Saturday, February 21, 2015

Dying to Live

"The mind is its own place, and in itself can make a heaven out of hell, a hell of heaven..." - John Milton, Paradise Lost

I have no idea if there is a heaven. I have no idea if there is a hell.

I find it  hard to imagine golden streets and a heavenly host of angels; frankly heaven can sound kind of boring.

I also find it difficult to believe there is a fiery pit and a ruler with a  spiked tail constantly punishing us.

I think we punish ourselves more than any devil could do.

I think we can find more joy than any gold street could carry.  Hold a newborn, laugh with your best friend until you can barely breathe, take a lover who knows you, watch a sunset and don't capture it with a camera, just watch it.  Feel the wind on your face, toes in the sand, a hug.  All of those things and so many more bring a heavenly feeling.

Hell is a panic attack in a public place, the loss of someone you love, the physical limitations of our bodies as we age, the mental torture we put ourselves through.

There is a special hell for people who have stay behind and watch our loved ones go.

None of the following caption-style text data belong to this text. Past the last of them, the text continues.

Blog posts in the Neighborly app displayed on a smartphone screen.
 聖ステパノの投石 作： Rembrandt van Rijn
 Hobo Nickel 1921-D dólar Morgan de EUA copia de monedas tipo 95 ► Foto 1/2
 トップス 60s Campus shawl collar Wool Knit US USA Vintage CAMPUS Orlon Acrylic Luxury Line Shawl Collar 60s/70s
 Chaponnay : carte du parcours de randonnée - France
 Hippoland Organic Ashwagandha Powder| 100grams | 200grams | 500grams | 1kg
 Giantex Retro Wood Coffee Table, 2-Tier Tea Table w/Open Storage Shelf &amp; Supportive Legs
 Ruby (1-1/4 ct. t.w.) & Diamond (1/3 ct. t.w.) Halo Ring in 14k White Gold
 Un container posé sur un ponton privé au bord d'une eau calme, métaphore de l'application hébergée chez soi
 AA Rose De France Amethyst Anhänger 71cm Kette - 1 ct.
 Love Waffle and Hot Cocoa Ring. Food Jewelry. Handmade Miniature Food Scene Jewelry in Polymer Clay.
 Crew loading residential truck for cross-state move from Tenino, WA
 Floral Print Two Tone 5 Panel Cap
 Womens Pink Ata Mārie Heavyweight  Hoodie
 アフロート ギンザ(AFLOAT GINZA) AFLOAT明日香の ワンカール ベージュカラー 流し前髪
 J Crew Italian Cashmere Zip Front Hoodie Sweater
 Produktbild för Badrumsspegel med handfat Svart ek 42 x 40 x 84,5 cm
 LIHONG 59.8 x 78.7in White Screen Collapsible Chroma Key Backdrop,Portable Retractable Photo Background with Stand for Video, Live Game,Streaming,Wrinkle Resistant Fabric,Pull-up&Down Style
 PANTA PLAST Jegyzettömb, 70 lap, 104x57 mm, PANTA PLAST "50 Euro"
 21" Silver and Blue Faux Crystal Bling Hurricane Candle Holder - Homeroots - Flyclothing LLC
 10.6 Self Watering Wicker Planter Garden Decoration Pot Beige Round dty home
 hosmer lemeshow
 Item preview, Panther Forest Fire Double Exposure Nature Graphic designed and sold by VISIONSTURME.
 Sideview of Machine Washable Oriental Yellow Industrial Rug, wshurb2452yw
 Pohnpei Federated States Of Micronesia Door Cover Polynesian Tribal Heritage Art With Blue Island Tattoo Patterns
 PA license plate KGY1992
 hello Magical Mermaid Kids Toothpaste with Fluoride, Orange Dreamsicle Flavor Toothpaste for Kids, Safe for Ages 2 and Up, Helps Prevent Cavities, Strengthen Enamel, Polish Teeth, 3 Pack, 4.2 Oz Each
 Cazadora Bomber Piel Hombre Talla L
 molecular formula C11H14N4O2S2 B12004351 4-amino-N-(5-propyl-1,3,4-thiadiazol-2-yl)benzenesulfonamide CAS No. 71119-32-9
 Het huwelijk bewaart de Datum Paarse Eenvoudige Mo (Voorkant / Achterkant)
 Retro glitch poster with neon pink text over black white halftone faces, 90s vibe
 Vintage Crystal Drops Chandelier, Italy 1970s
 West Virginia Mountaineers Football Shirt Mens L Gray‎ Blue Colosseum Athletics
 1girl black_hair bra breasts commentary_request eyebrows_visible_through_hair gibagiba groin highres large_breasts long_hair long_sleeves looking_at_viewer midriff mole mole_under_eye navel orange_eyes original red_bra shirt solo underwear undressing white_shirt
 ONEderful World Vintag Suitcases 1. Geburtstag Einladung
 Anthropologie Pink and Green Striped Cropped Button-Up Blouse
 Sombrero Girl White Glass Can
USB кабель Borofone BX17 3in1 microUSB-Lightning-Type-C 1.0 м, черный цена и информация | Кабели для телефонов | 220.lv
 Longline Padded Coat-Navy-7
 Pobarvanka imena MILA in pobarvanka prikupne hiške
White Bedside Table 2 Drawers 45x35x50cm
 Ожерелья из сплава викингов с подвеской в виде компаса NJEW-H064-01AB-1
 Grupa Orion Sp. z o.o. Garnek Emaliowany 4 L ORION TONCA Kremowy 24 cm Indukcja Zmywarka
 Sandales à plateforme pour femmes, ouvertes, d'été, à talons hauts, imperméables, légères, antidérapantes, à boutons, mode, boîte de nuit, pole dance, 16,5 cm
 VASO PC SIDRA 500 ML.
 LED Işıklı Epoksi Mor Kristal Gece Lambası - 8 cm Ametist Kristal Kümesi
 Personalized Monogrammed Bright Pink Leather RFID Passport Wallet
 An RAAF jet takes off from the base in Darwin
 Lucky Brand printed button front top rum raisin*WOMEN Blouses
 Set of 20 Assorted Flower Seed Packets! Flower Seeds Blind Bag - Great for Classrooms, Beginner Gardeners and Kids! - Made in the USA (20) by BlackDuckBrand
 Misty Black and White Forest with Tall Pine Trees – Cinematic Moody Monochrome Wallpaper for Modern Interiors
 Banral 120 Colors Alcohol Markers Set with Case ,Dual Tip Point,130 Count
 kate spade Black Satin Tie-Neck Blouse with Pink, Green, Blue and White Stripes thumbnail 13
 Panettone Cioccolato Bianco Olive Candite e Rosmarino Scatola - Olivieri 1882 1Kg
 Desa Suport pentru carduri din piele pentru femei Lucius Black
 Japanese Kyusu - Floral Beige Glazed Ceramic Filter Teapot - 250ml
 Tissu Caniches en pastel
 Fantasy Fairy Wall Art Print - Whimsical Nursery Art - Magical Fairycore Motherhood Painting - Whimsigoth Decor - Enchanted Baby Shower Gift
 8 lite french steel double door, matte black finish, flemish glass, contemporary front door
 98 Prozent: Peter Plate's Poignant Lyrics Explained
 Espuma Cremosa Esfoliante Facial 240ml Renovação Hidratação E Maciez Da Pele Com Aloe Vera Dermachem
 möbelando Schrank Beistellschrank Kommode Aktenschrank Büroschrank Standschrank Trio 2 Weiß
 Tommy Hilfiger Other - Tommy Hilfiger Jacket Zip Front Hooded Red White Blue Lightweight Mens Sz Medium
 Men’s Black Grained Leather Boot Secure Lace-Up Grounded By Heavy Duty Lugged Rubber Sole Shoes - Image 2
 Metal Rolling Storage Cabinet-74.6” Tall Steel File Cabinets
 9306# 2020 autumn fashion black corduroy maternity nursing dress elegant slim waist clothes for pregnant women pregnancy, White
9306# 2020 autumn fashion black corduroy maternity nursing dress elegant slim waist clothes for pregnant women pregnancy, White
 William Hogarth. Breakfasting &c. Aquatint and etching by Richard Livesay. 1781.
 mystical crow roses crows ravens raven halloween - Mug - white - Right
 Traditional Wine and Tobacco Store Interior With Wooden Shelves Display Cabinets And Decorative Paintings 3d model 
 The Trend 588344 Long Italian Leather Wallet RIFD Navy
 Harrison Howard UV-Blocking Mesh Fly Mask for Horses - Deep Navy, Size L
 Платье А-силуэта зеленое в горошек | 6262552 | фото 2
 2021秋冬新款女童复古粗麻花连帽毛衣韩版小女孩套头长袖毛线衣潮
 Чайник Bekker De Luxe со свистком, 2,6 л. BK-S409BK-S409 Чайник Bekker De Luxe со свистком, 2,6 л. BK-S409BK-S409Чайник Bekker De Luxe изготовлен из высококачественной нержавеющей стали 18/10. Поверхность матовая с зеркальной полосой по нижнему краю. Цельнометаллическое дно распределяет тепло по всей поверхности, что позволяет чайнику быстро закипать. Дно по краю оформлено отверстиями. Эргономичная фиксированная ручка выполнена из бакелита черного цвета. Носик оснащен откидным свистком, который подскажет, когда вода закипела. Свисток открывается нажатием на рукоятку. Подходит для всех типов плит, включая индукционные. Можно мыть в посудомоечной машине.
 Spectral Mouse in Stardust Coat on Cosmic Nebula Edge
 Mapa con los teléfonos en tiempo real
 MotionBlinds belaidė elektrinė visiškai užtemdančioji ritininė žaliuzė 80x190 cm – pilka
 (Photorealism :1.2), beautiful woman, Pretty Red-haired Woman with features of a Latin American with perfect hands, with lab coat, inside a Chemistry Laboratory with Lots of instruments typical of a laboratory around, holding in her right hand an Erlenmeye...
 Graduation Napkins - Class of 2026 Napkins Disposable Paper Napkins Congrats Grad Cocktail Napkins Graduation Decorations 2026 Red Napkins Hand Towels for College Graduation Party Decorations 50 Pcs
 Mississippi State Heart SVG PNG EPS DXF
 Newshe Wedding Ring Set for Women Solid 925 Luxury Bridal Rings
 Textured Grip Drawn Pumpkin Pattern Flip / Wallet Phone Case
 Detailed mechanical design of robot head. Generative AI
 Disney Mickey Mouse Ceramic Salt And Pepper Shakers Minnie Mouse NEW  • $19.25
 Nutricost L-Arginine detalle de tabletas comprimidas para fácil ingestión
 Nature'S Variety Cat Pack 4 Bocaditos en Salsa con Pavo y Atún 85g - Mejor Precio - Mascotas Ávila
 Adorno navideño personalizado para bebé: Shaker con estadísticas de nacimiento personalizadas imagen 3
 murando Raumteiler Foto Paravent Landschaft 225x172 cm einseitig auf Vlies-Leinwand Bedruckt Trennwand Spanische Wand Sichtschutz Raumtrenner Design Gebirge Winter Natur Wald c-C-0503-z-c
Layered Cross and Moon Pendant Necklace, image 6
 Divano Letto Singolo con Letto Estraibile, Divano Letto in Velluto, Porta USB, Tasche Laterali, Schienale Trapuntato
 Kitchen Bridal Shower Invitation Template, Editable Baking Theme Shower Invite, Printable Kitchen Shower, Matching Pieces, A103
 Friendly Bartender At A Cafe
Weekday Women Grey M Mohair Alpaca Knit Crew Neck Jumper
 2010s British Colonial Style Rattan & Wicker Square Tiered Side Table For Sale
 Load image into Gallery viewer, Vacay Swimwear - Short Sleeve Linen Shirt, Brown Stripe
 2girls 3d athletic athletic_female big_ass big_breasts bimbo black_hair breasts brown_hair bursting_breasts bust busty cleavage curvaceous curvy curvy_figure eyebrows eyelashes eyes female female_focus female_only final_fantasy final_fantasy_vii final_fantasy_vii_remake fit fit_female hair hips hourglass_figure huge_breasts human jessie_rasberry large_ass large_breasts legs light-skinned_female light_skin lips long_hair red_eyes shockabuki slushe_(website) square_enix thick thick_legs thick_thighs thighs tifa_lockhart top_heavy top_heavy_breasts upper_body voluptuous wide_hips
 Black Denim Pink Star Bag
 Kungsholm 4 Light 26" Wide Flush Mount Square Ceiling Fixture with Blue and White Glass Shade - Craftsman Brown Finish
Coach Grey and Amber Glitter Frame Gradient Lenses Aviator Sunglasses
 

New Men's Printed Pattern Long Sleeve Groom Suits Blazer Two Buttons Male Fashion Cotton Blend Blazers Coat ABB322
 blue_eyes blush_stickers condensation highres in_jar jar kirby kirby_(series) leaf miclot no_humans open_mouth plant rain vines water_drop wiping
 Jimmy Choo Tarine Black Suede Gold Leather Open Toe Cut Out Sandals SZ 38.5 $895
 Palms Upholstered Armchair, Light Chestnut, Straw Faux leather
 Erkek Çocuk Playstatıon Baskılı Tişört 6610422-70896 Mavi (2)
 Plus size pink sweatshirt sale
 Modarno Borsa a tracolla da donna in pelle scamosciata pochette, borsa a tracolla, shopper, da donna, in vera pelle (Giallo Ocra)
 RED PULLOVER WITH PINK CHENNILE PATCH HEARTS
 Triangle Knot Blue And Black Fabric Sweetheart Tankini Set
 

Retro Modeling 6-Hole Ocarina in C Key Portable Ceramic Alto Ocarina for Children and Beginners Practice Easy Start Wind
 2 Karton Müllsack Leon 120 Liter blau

Sometimes death will be quick, other times it will drag out and we will watch the suffering not being able to do anything about it.

I have encountered a new hell.  Watching someone disappear, slowly, a little more each day.

One day she will not know me.  For now she does, but she has lost all our times together.  My best friend, the woman I aspired to be more than anyone, I am now terrified of turning into.  My Mother.

Her brain is being erased in a cruel and unknowing way.  She smiles and nods and tends to laugh to make us think she knows what is going on.  But she doesn't.

She no longer recalls our secrets, our inside jokes, the trips we took together, the times I would sit and watch her clean out her purse letting me keep all the change that fell out.  She has lost the way we related to each other.

Where is she going?  I want to know.  I want to be able to visit her there and see her again.  I want to introduce her to my love, who never met the real mom I had.

Her hair is white, her skin is porcelain as it has always been.  A stark contrast to my own.  She is already looking like she is fading away.

Is she in hell or is this hell just for all of us that have loved her?

I feel like a petulant child who wants her mommy back.  It is true.  I want her back and she is not even finished with her journey of going away.

One day she will look at me and smile because she feels that is the right response, but the truth will be that I will know the smile is fake and she does not know me anymore.

One of the most colorful women I have ever known is fading into shades of pale.

I search for the good in all this, I dig, I ponder.  I have no answers. I see no meaning.  Only cruelty.

I sat and watched the sunset tonight with my love.  We watched the sky change colors, we felt the breezes, and held hands.

Wherever my mom goes, I know that she can still look at a sunset and appreciate it.  She will forget it, but for one instant, just one, she will be there in that moment.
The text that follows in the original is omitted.